2) This could be consider as a bug or not, depend on your need.
If you have a date field on the database server with value 5/28/18 (dd/MM/yy format), in user device, this value could be remain the same or change into 5/29/18 or others values depends on timezone in that device. If you want this behavior, than it is OK, but if you want the real date value on the server, you need another steps to ensure that date value on the device and server is always the same no matter what timezone is for that device.
1) It makes sense to raise an error in that case. The only other option is to return 0 which can cause very bad things.
You can skip nulls in your query or convert it to a different value.
2) The ticks value is correct. When you call DateTime.Date it applies the device time zone. There are ways to convert the ticks value to string with a different time zone.
1. For now, i can, I can avoid returning null value from date type, so I guess, this isn't a problem.
2. If date converted to string, this could be the problem. I prefer, jRDC2 return date value as it was recorded on database server and not converted to device's time zone. Hope you considered this if there is an update to jRDC2.

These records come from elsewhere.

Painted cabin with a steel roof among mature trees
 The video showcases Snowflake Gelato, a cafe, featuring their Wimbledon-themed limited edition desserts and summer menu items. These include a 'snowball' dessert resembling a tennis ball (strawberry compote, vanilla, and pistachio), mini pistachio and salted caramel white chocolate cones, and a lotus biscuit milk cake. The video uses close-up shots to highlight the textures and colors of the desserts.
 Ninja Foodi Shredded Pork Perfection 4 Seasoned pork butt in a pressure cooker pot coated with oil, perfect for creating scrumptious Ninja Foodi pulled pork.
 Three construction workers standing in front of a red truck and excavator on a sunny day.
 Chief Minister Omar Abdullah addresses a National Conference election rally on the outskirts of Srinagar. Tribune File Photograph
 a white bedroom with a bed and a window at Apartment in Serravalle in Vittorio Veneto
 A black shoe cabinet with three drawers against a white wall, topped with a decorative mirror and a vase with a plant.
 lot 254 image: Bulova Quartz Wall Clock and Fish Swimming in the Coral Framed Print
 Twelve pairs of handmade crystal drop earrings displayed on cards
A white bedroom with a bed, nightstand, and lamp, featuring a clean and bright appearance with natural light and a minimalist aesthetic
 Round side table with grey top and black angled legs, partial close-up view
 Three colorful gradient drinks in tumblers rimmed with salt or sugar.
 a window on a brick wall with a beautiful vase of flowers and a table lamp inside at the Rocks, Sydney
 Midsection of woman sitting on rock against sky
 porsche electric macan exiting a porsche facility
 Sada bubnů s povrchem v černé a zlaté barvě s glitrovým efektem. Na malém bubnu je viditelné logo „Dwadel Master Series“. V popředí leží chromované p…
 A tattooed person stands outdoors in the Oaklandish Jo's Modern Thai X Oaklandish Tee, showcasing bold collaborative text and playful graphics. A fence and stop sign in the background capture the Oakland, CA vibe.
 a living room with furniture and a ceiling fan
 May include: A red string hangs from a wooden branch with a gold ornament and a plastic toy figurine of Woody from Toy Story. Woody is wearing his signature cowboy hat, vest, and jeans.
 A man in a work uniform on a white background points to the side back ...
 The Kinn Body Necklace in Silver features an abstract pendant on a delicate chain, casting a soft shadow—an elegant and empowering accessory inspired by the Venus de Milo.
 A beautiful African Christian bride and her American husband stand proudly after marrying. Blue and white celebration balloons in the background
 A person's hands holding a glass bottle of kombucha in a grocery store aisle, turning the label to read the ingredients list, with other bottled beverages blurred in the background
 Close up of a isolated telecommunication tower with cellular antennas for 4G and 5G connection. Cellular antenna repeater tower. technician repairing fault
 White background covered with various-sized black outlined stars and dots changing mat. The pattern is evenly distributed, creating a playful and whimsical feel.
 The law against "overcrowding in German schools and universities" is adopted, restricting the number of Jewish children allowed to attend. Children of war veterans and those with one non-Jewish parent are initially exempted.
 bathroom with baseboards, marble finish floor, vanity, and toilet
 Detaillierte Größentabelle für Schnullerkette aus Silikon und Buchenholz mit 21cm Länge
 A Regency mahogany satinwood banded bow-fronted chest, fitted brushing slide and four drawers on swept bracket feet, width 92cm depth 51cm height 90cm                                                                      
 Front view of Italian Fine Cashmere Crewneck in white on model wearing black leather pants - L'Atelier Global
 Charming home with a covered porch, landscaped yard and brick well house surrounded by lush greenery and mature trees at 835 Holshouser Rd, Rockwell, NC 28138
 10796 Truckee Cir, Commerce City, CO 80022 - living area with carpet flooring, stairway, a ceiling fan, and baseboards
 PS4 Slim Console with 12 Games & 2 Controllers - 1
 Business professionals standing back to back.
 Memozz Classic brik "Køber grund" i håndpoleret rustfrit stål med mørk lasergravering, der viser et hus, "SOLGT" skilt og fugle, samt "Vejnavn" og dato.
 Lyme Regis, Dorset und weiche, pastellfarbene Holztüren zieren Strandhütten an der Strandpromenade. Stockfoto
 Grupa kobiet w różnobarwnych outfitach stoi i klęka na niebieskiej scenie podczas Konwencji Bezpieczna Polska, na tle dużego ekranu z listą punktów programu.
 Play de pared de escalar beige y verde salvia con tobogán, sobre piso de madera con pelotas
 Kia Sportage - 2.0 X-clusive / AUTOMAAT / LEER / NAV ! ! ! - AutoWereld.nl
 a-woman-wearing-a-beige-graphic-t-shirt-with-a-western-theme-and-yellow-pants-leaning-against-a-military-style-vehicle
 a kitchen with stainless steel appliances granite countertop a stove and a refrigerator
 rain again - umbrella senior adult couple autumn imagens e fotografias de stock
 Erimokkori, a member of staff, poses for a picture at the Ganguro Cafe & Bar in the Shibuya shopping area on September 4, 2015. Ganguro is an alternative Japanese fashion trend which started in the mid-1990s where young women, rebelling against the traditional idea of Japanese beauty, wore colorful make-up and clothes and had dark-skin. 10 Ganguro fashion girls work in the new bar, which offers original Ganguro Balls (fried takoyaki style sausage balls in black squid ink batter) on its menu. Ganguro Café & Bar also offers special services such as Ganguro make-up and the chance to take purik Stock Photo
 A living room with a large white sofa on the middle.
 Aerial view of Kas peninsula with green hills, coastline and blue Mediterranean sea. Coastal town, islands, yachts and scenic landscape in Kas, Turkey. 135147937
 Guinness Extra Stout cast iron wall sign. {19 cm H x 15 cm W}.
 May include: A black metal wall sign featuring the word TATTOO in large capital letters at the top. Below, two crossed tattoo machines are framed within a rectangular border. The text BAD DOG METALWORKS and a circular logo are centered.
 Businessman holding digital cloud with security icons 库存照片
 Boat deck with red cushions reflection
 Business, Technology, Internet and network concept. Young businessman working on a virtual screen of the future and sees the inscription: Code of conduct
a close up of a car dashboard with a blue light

2. If date converted to string, this could be the problem. I prefer, jRDC2 return date value as it was recorded on database server and not converted to device's time zone. Hope you considered this if there is an update to jRDC2.
If the date is stored as string then it will return as a string value.
If it is stored in a date / time type then it will return as ticks value. This is better. It returns the exact value that you need. Start a new thread in the questions forum and I'll explain.